Cholera Toxin: Powerful Activator of Neural Stem Cell Proliferation
Recently we showed that cholera toxin is a potent activator of neural stem cell proliferation in culture [61]. Cholera toxin consists of two subunits. Subunit B (there are 5 B subunits) binds to GM1+ gangliosides which are concentrated in certain lipid rafts on the plasma membrane. As lipid rafts may internalize as a means of recycling plasma membrane and its components, cholera toxin is found membrane-bound inside the cell. There, the A subunit is released into the cytoplasm where is activates adenylate cyclase and elevates cAMP levels [82-85]. Cholera toxin has several functions in addition to adenylate cyclase activation, including the modulation of intracellular trafficking and activation of the Endoplasmic Reticulum associated degradation (ERAD) pathway [86]. We reported that treatment of neural stem cell cultures with cholera toxin induces the nuclear localization of Hes3 [61]. In addition, the treatment increases cell numbers by many times. In fact, cholera toxin can maintain cultured cells in the proliferative state for at least one week following the withdrawal of the mitogen bFGF, suggesting a powerful role in proliferation.

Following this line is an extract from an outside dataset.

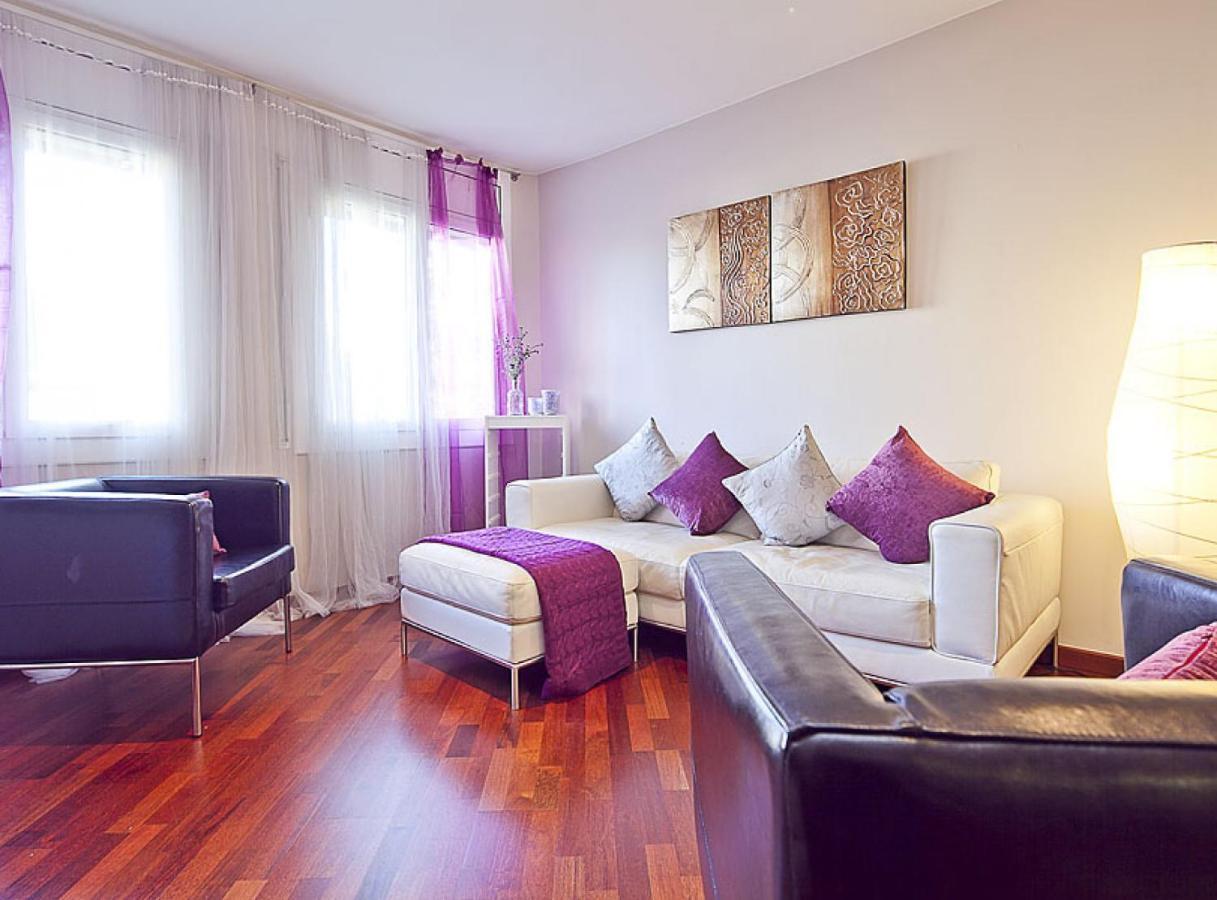 Apartment Ciutadella Park Born *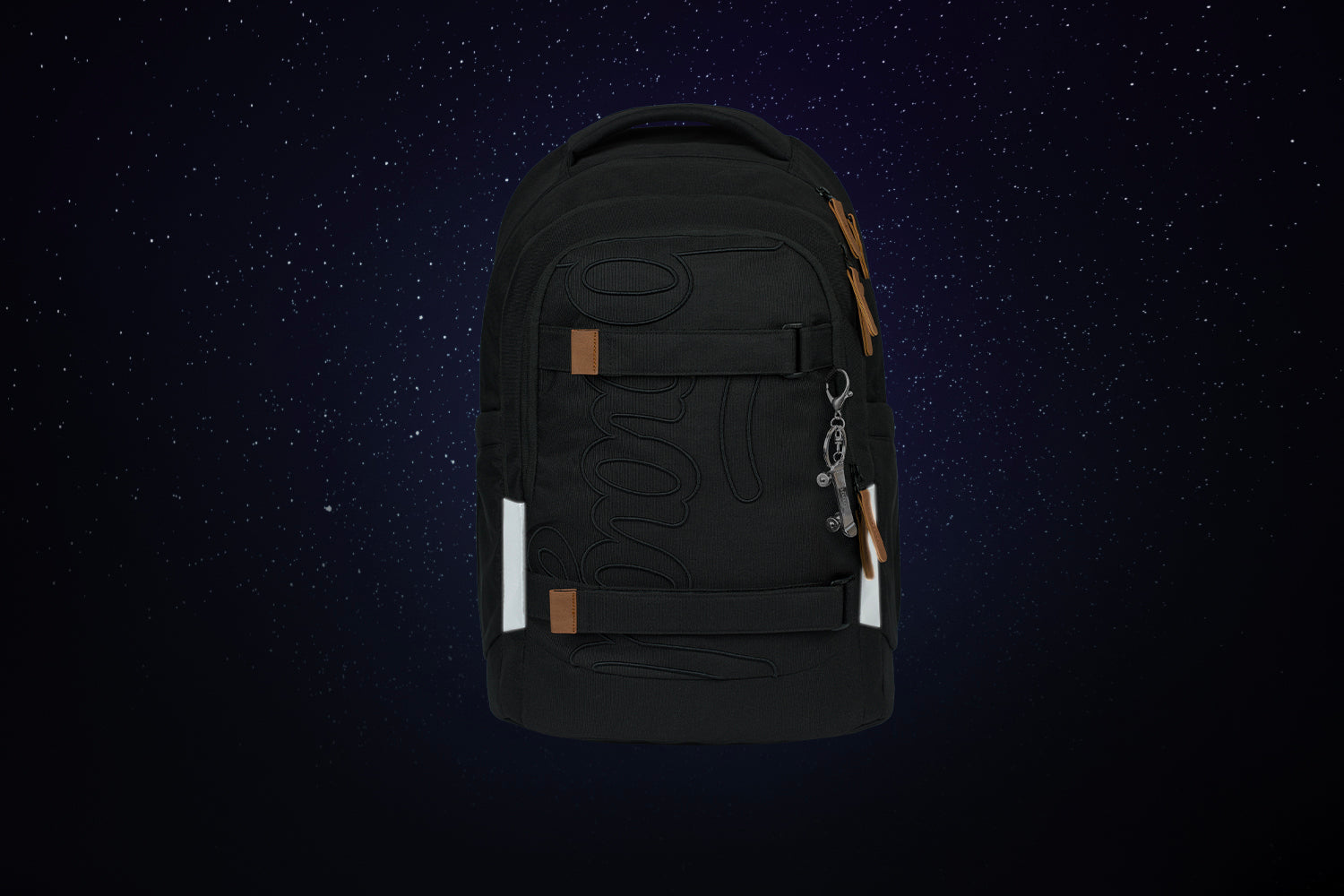 baagl-skate-max-darkness-set-scolaire-cartable-gar-on image 7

These findings provide a mechanism by which different cell types within the neurovascular niche mutually interact. Soluble and membrane-bound signals may also regulate the physical proximity of cells to each other. The multitude of receptors on the surface of neural stem cells render these cells malleable to signals from several nearby cell types including vascular endothelial cells, pericytes, neurons, and astrocytes. In addition, insulin receptors on these cells may allow the systemic circulation of the organism to affect their function and numbers, providing a direct means for the metabolic state of the organism to affect endogenous neural stem cells.

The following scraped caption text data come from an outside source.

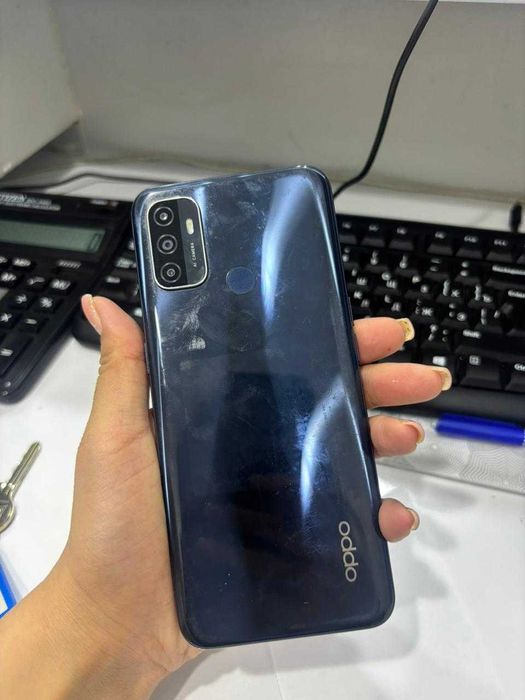 продам телефон Oppo A53 64 гб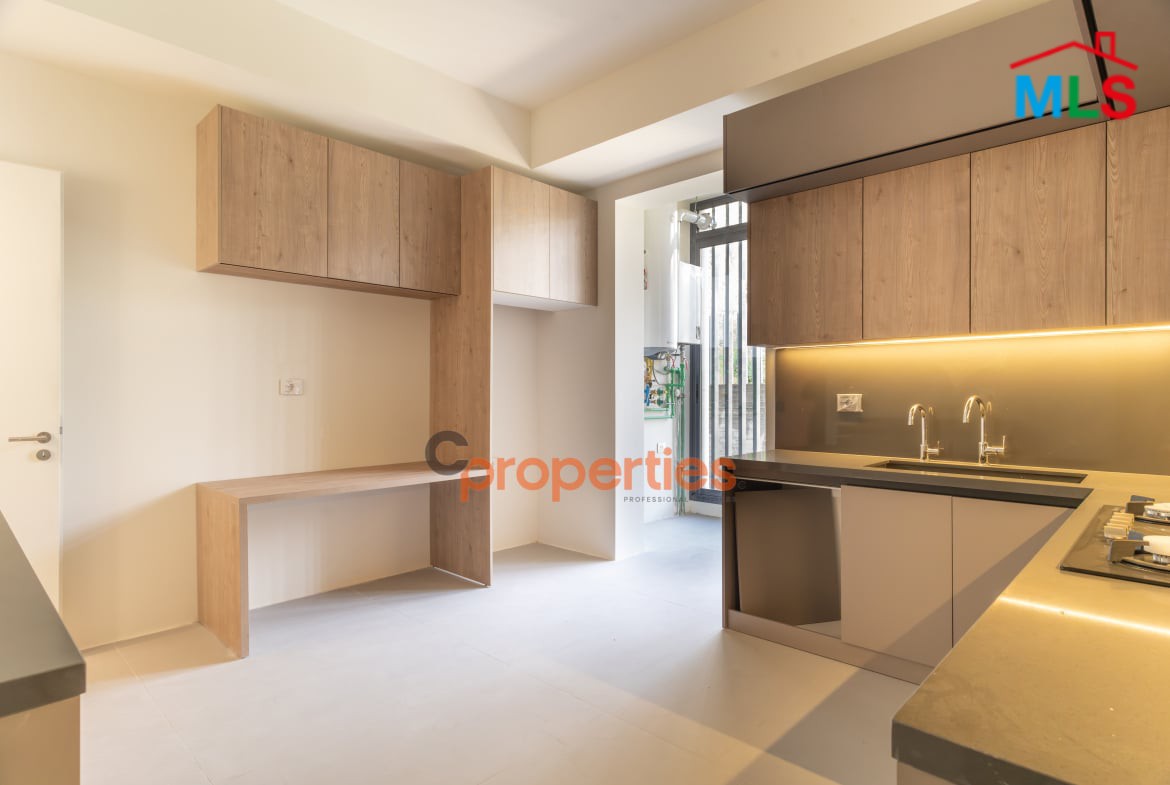 Apartment For Sale in Biyada CPCF212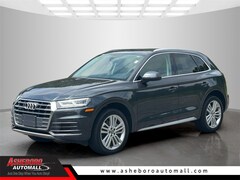 2018 Audi Q5 2.0T Premium SUV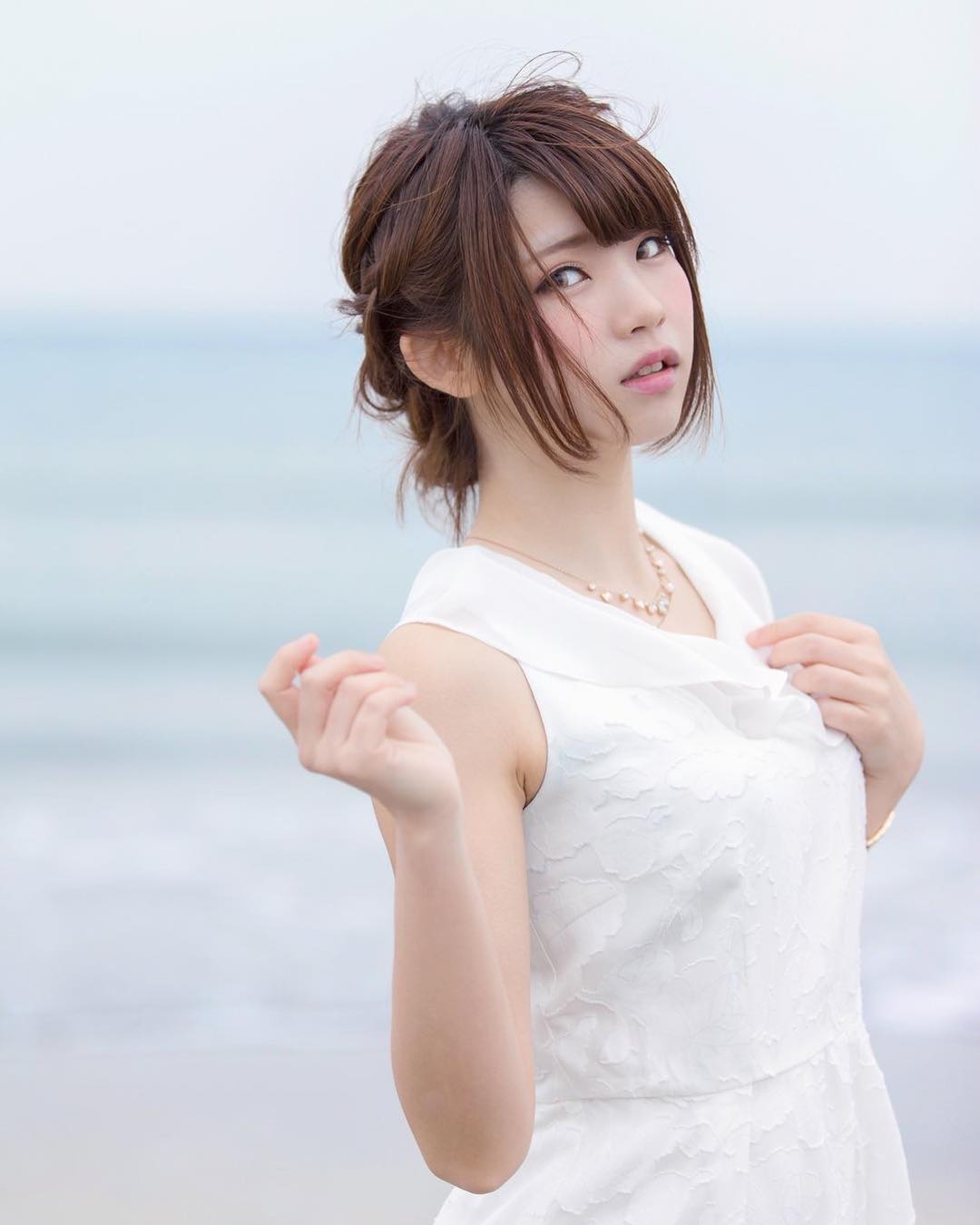 世界第一可爱coser 3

In this paper we address a specific feature of the neurovascular niche: Why the majority of endogenous neural stem cells are located in the subventricular zone lining the lateral ventricles of the adult brain. Specifically, we assess how the microenvironment in this area differs from the parenchyma of the brain (e.g., the striatum) and whether aspects of the neurovascular niche described above can help explain this phenomenon. We report that the ratio of Ang1/Ang2 expression differs significantly between the subventricular zone and areas away from the subventricular zone, suggesting a mechanism that explains the non uniform distribution of these cells in the adult central nervous system.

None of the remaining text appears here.